I am a visual artist that investigates territory, place and home through sculpture, mapping and sometimes video. When I am not in the studio I am probably reading or picking up birds. My schooling is in urban planning & design and my niche is Geographic Information Systems (GIS). I am drawn to the speculative and the surreal.

What are some recent, upcoming or current projects you are working on?

Recently I’ve been going back and revisiting an older body of work that looks at the geometries of national borders and abstracts them through a digital and material process that I will be showing in November at EXTRA Projects in Logan Square. It’s been nice to take a chance to reevaluate what that works mean to me and what it can give to others in the context of an artist run space. I’ve also been thinking a lot about curriculum development and working on building a public workshop on experimental mold making for that show in particular, and at large of things I would like to teach and invite conversation about. I am also starting a new body of sculptural work that looks at luggage bags and handles.  

Can you explain your process? Where does it usually start?

A lot of my work is project based, but it usually starts by experimenting materially and superimposing forms to find new spatial relationships. This could be from archival maps, passports, iconography or something I find that I simply cannot stop thinking about. There is also a lot of intuitive work and sketching at play. There is usually deep research as a point of entry that goes into the work, but that ends up being transformed somewhere along the way.

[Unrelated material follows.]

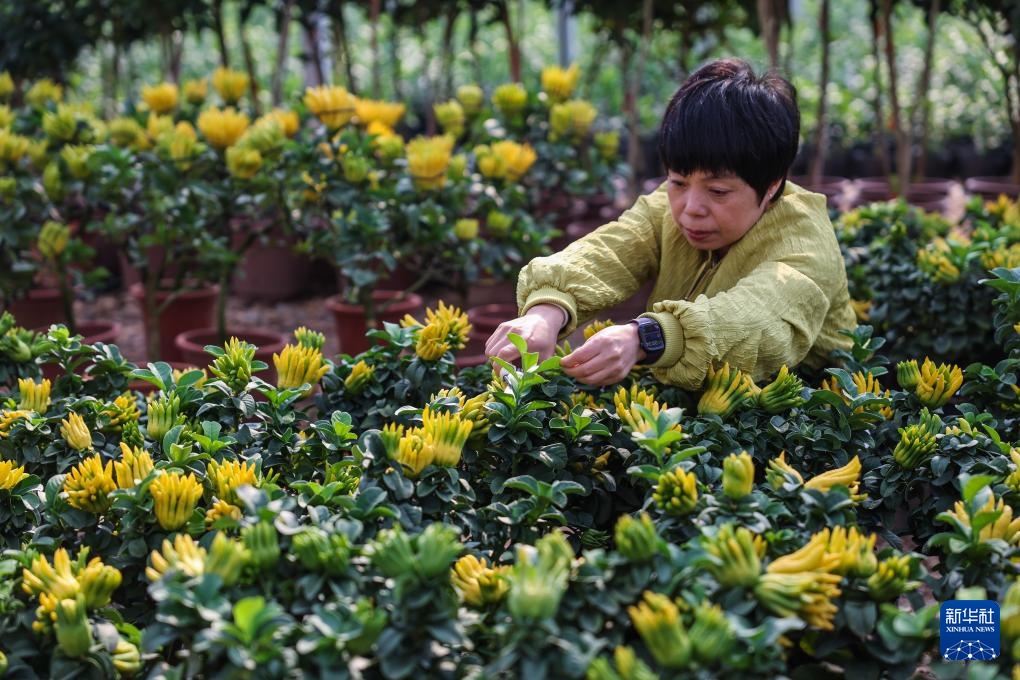 浙江金华：打造乡村特色产业共富示范带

When working in sculpture, what inspires your material choices?

I am deeply drawn to texture, and how that can be used to extend the emotional and visual investment in an object or space. I shy away from surface treatments that involve coloring or patination, so when I gravitate towards a material in many ways I am also choosing the color palette that I will work with. Glass holds a very special place in my practice. With it I strive to communicate a resilience and precarity. Although I make it a point to find access to hot glass for some things, I have developed strategies for working with the material in my studio outside of traditional techniques and means. The labor histories and ecologies of materials and topologies at large is something I constantly think about and how to break and play with those rules in productive ways, I think, is where the magic is for me.

What was the last exhibition you saw that stuck out to you?

Steve Reber’s  ‘Anemic Compass’ at Hyde Park art center was breathtaking to experience. Formally, they looked like theater props or playhouse facades that are half finished but imbued with really tender moments, and a lot of interior-exterior play, and cars, obviously.

What artists are you currently interested in?

Currently, I am obsessed with Cristian Răduță and Shari Mendelson. Mendelson’s command of mundane material and recycled plastic to create what look like ancient vessels is otherworldly. She is an artist in residence at Pilchuck Glass School in Washington state this summer so I might try to fan girl say ‘hi’ to her when I am there this August.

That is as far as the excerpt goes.